I’ll answer some of the more intellectually stimulating questions here - you get to do the hard work.
The outputs can only be mostly reproducible. The model itself has variations between identical runs.
The AI models then use a sampler that randomly picks tokens from probabilities of how likely they are. If the possible first token for a question is 80% certain to be “cat” and 15% certain to be “dog”, then at default API sampling parameters, 15% of the trials will have the AI answering “dog”.
top_p
is the parameter that best gets you an AI that only answers with the charted path. At 0.1 for 10%, the response is only generated from those tokens that occupy the top 10% – the AI could only write “cat”. That’s likely what you want - the best answer.
seed
alone would give you “dog” almost every time if that was selected by a particular seed, the reproducible part there being reusing the same randomness.
These will be verging on hallucination though.
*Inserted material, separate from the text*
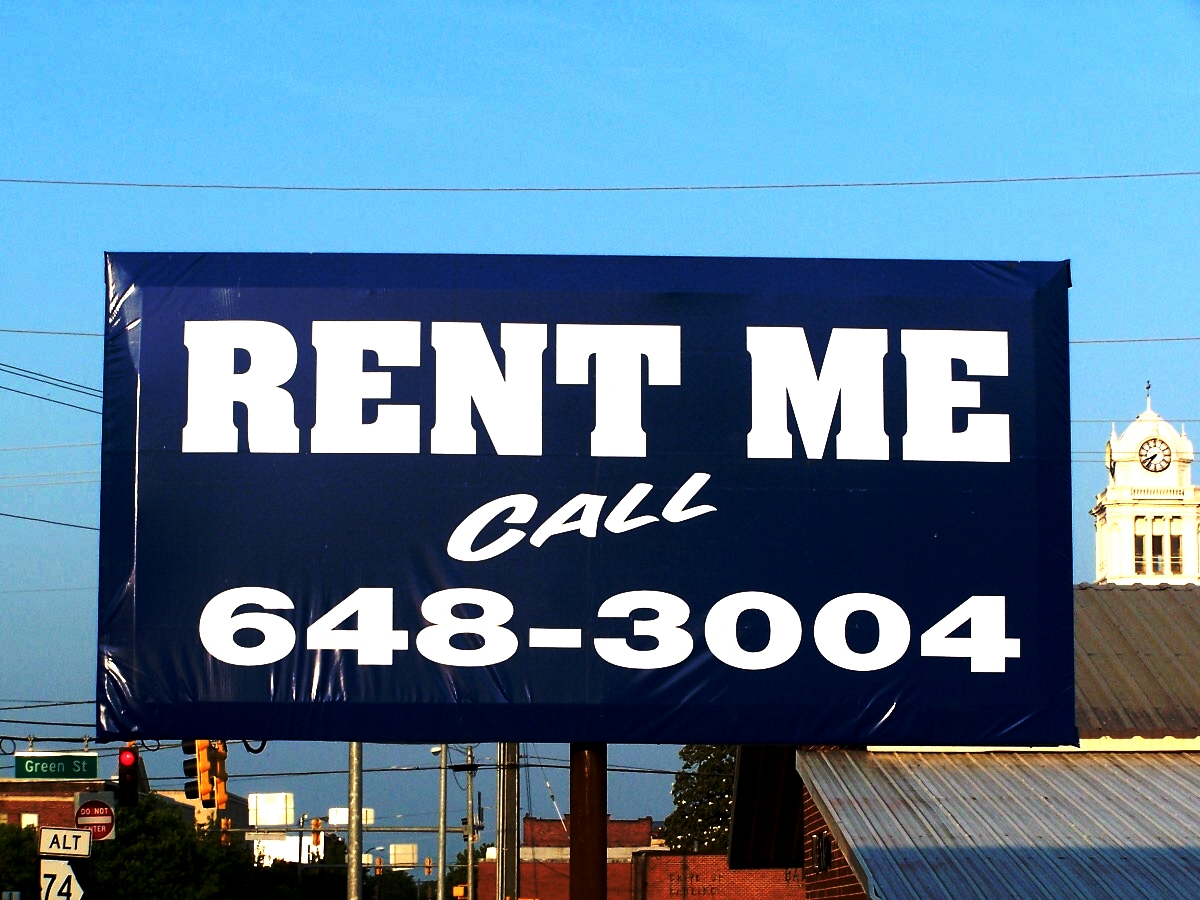 a large sign advertises a rent call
If you ask the AI how certain it is, you’re going to get scores related to the training and prompting.
Consider if my system message told the AI about itself one of:
- “The AI is an expert with super-human logic and reasoning skills”
- “ChatPro only gives the correct answer”
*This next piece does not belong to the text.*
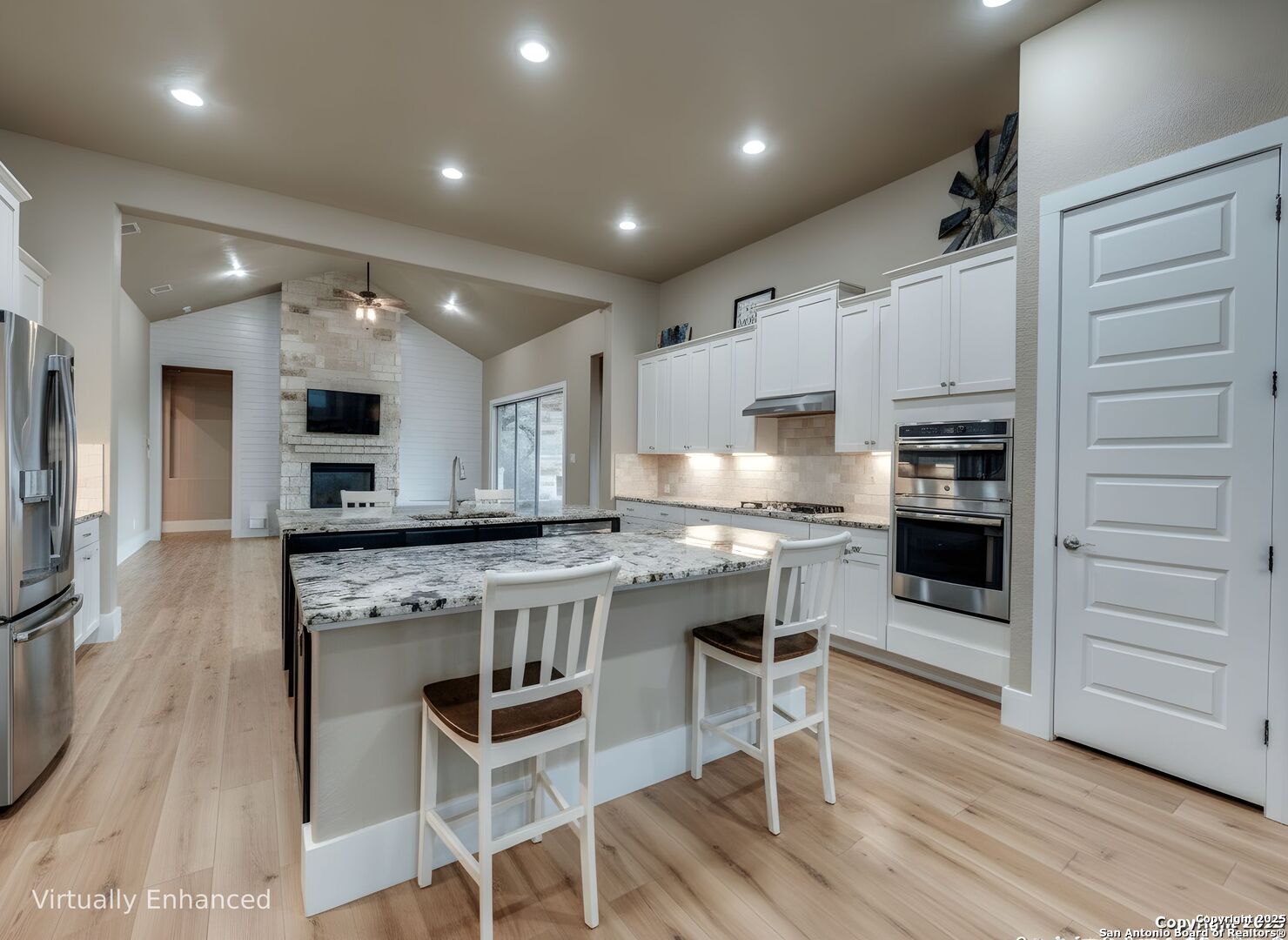 629 Windmill Ranch Road Spring Branch, TX 78070 - Photo 7 of 34 a kitchen with stainless steel appliances granite countertop a stove and a refrigerator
- “The AI language generation can make mistakes, so double-check what you wrote”
Such other input context can make the tokens selected as a probability “more confident” if you ask the AI to evaluate itself, not the underlying mechanisms (which the AI can’t observe).
The best way to see the inner workings of certainty is by employing logprobs. In a complex answer, you would have to navigate within the formatted answer and find the relevant tokens.
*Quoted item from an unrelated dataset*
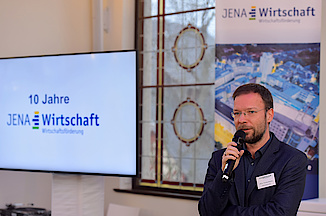 Eine Person spricht in ein Mikrophon, im Hintergrund ein Monitor mit dem JenaWirtschaft-Logo.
An example where this technique might be used. “rate this book review from 1-10, from 1: extremely negative, to 10: extremely positive in a JSON (format)”. You can get the top-20 logprobs at the answer position, extract all number tokens from that, and then find a median of the probability mass or an average of the weighted probabilities. Then you’ll likely need to renormalize the answer range so the most positive and most negative can still go from 1-10.
That should give insight to your other questions also. The actual task, you would want to keep relatively simple and well-instructed, ensuring the AI knows what to produce and what input it is answering about while it is producing the output.